Montag, den 03. Juni 2024 um 17.00 Uhr in B7- 210 - Seminarraum A
Vortrag von Anatole Gaudin (Marseille) zum Thema: "Homogeneous Function Spaces for Global-in-Time Well-Posedness"
Abstract:
In the last decades, function spaces that control specific amounts of localization and regularity appearing in a PDE have become central to the global-in-time well-posedness of evolution PDEs: those spaces are called homogeneous Sobolev and Besov spaces.
This presentation will focus on the realization of homogeneous function spaces on some half-spaces, extending certain approaches established on the whole space and the flat half-space. The construction we focus on is particularly well-suited for addressing nonlinear partial differential equations with possibly boundary conditions. We will demonstrate how these spaces appear naturally when studying some standard PDEs, and why their usual construction does not fit the goal of studying nonlinear and boundary value problems.
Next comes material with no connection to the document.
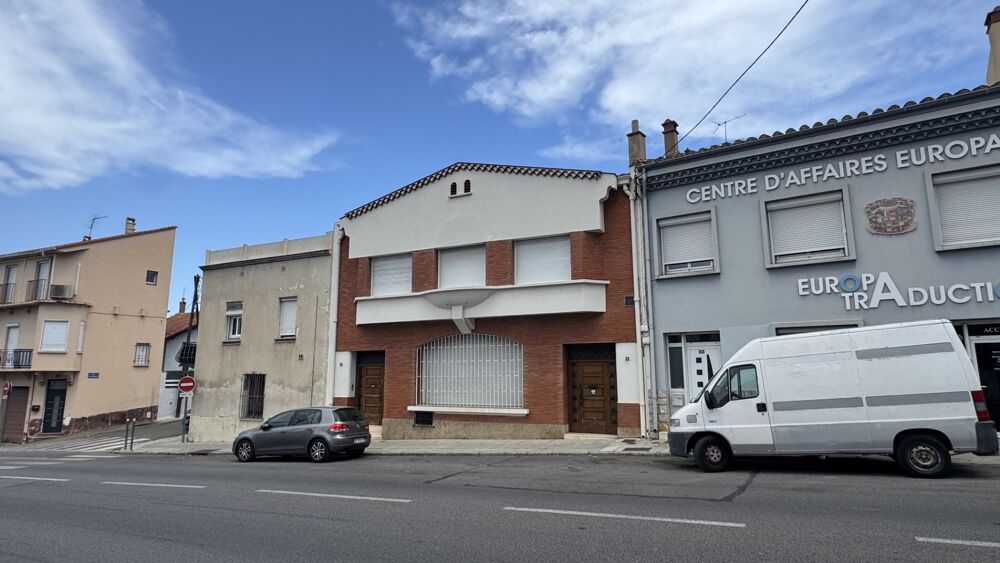 Maison 7 pièces 250 m² · à Perpignan · 250 m² · 339 000 €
We will specifically discuss the interpolation of these spaces, trace results, and adapted operator theory. This will lead to some global-in-time $\mathrm{L}^q$-maximal regularity results, as well as numerous other variants in this framework, offering a natural extension of some results recently obtained by Danchin, Hieber, Mucha, and Tolksdorf. When considering the flat half-space, it is possible to obtain a Hodge/Helmholtz decomposition (or equivalently the boundedness of the Leray projector) for homogeneous Besov spaces with "sufficiently high" regularity indices. It allows us to also recover various global-in-time $\mathrm{L}^q$-maximal regularity results, such as, for example, an $\mathrm{L}^1_t(\dot{\mathrm{B}}^{s}_{p,1})$ result, which can be of central interest in viscous fluid mechanics.